Tudo se encerra com um epílogo; cap. 106-108.

Existem outrossim o Livro de Henoque Eslavo ou o Livro dos Segredos de Henoque. Narra a elevação de Henoque aos céus, onde ele recebe o conhecimento das regiões celestes e dos seis mistérios; Deus mesmo lhe revela como criou o mundo e lhe revela o futuro. É obra de um judeu, que a redigiu em grego no início do século I a.C. em Jerusalém.

2.2. Valor histórico

O livro de Henoque gozou de certa autoridade entre os antigos escritores cristãos. A epístola canônica de S. Judas 14 o cita, mas nem por isto o tem colo livro inspirado¹. Todavia não há como aceitar a explicação proposta para a origem do mal: os anjos não têm corpo nem se podem encarnar; por conseguinte jamais poderão copular com mulheres. Muito sabiamente Júlio Africano percebeu esta falha da teoria de Henoque e seus seguidores reconsideraram a interpretação dada a Gn 6, 4: os filhos de Deus seriam os setitas e as filhas dos homens seriam as cainitas.

Verdade é que Jd 6 e 2Pd 2, 4 citam o castigo prometido por Henoque aos anjos prevaricadores; isto, porém, não basta para dizer que tal livro é inspirado; apenas se pode concluir que o livro de Henoque oferecia argumento válido para corroborar quanto São Pedro e São Judas queriam dizer.

A Sra. Prophet apresenta paralelos entre os Evangelhos e Henoque, deduzindo daí a dependência de Jesus frente ao apócrifo judaico! – Na verdade, trata-se de paralelos tão vagos que não podem servir de argumento. A pregação de Jesus não depende de Henoque. De resto, a Sra. Elizabeth Prophet professa a reencarnação e o panteísmo (p. 335) – o que talvez lhe dificulte compreender a mensagem de Jesus.

Em suma o livro em foco é mais uma expressão da investigação dos apócrifos como se fossem arautos de um Cristianismo renovado e surpreendente, quando na verdade vêm a ser o testemunho do modo de pensar (por vezes, fantasioso e simplório) dos antigos judeus e cristãos.

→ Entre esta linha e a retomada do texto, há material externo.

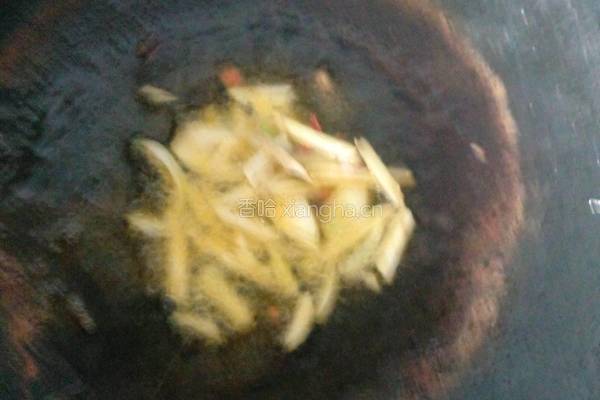 猪肉炖粉条的做法图解4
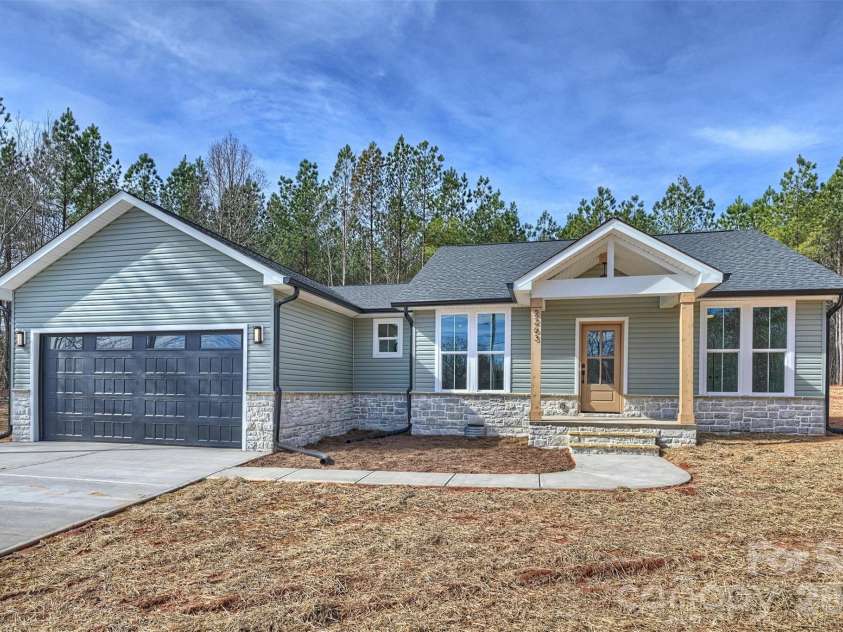 2263 Lee Lawing Road, Lincolnton, NC 28092.  MLS# CAR4348969, YatesRealty ID 14697. 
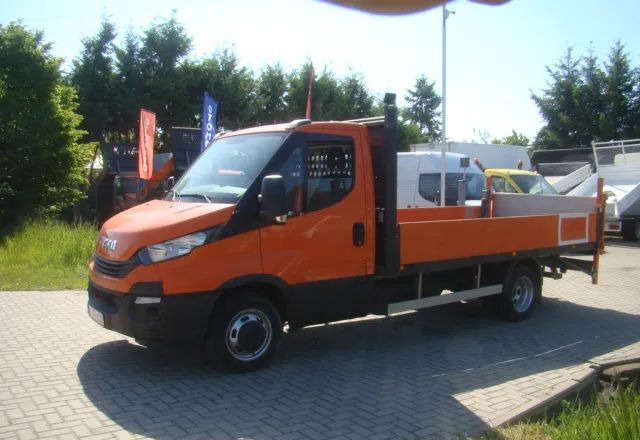 Iveco DAILY 35 C 15 WINDA 750KG 3.5T NA HAKU - Automašīna ar kravas platformu: foto 1 Iveco DAILY 35 C 15 WINDA 750KG 3.5T NA HAKU - Automašīna ar kravas platformu: foto 1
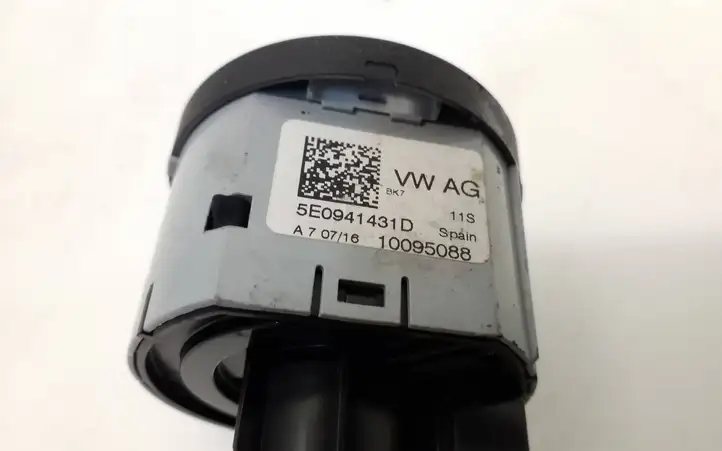 Skoda Octavia Mk3 (5E) (2013 - 2019) 5E0941431D Включатель фонарей — фото 5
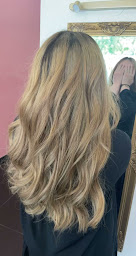 Photo n°2 de Salon de la Tour à La Courneuve (Salon de coiffure)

Para o fiel católico, a origem do mal está no pecado dos primeiros pais. Estes foram elevados ao estado de justiça original, mas nele não perseveraram em razão de sua soberba; quiseram ser como Deus, árbitros do bem e do mal. Disseram Não a Deus – o que os despojou da riqueza da graça e os tornou sujeitos à morte violenta e seus precursores. A humanidade sofre as conseqüências desta culpa, já que há solidariedade entre as gerações. Todavia, logo após a culpa e sua punição, é prometido o Salvador (Gn 3, 15) o que envolve a própria realidade do pecado e de suas conseqüências num plano de amor e misericórdia de Deus para com a criatura.

APÊNDICE

DO LIVRO DE HENOQUE

Capítulo 7

1. Quando naqueles dias os filhos do homem se multiplicaram, suas filhas nasceram elegantes e belas.

2. E quando os anjos, os filhos do céu, contemplaram-nas, ficaram enamorados, dizendo uns aos outros: Vamos, escolhamos para nós esposas entre a progênie dos homens para com elas gerarmos crianças.

3. Então Samyaza, seu líder, disse: Temo que talvez não possais realizar esta tarefa;

4. E que sozinho sofrerei as conseqüências de um crime tão vergonhoso.

5. Mas eles lhe responderam: nós todos juramos;

6. E nos ligamos por execrações mútuas, para que não modifiquemos nossa intenção de executar o que resolvemos.

7. Fizeram juntos este juramento e se uniram em execrações mútuas. Eram ao todo duzentos, que desceram sobre Ardis, no topo do monte Armon.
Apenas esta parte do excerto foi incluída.